Task goal: Give back the full set of entries that follows, exactly as written.

---------- Data for this task ----------

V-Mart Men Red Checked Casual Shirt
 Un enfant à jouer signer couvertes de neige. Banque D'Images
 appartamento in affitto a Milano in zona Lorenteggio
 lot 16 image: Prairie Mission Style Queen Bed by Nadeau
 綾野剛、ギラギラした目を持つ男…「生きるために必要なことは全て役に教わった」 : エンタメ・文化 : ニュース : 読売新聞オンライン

----------

Output for this task:
V-Mart Men Red Checked Casual Shirt
 Un enfant à jouer signer couvertes de neige. Banque D'Images
 appartamento in affitto a Milano in zona Lorenteggio
 lot 16 image: Prairie Mission Style Queen Bed by Nadeau
 綾野剛、ギラギラした目を持つ男…「生きるために必要なことは全て役に教わった」 : エンタメ・文化 : ニュース : 読売新聞オンライン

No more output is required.